=== Exercise ===
The required output is a number: how many lines of the data below include the string "Photo".

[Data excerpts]
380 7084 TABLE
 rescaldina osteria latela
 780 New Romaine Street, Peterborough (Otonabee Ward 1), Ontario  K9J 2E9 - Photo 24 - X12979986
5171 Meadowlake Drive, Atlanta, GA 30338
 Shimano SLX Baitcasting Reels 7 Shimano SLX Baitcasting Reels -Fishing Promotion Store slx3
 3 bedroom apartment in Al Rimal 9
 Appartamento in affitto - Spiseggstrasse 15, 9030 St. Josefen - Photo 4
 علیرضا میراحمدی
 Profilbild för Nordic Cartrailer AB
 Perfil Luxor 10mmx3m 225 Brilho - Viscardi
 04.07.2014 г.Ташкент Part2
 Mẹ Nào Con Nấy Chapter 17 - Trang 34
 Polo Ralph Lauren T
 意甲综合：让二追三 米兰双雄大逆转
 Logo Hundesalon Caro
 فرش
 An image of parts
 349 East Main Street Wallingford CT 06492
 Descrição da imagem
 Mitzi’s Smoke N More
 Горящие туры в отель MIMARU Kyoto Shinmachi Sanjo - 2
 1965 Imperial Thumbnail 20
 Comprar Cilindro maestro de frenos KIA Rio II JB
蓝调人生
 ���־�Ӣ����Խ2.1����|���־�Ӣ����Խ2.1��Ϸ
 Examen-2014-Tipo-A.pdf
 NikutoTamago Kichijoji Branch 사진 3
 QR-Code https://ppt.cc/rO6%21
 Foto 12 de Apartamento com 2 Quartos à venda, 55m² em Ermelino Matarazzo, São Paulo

=== Output of the exercise ===
2